■ TASK GOAL: Transcribe all the lines below exactly. Omit the pictures.

■ SUPPLIED DATA:
══════

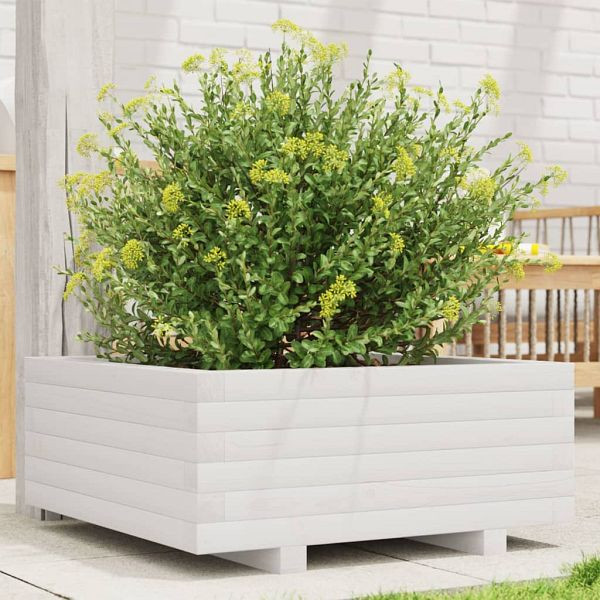 vidaXL Pflanzkübel Weiß 60x60x26,5 cm Massivholz Kiefer, 847299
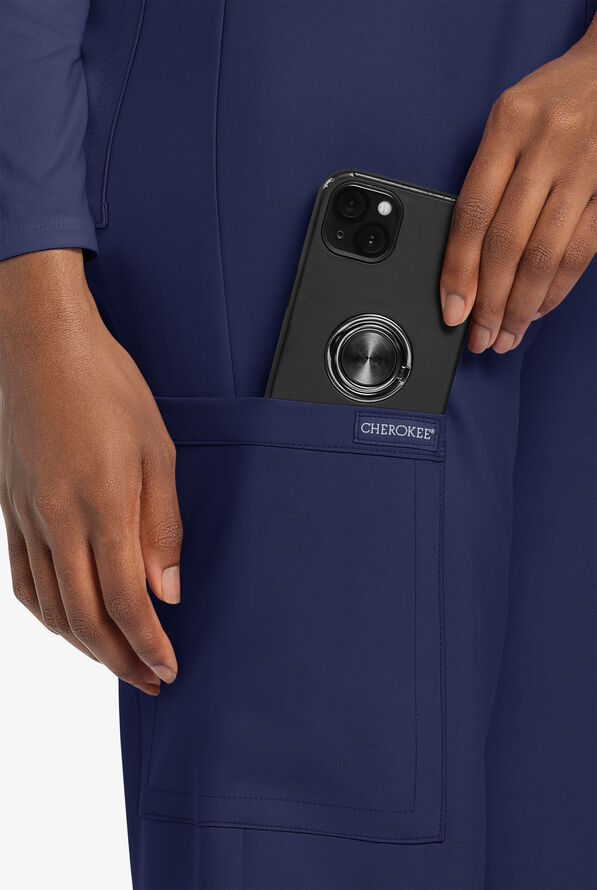 Cherokee Workwear Originals Ultra Unisex 3-Pocket Drawstring Straight Leg Scrub Pants - Navy - 3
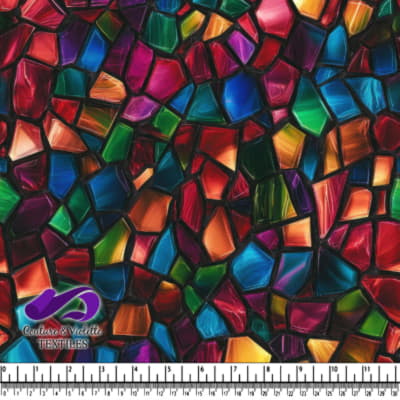 Colorful stained glass mosaic pattern with vibrant irregular shapes and black outlines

══════

■ SOLUTION FOR THIS TASK:
 vidaXL Pflanzkübel Weiß 60x60x26,5 cm Massivholz Kiefer, 847299
 Cherokee Workwear Originals Ultra Unisex 3-Pocket Drawstring Straight Leg Scrub Pants - Navy - 3
 Colorful stained glass mosaic pattern with vibrant irregular shapes and black outlines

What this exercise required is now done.